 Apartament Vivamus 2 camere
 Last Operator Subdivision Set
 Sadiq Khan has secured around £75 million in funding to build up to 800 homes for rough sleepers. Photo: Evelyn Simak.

:::

Respond with the lines above, from the one that holds "Last Operator Subdivision Set" to the end of the listing, each repeated exactly, and with no other material.

# Answer box
 Last Operator Subdivision Set
 Sadiq Khan has secured around £75 million in funding to build up to 800 homes for rough sleepers. Photo: Evelyn Simak.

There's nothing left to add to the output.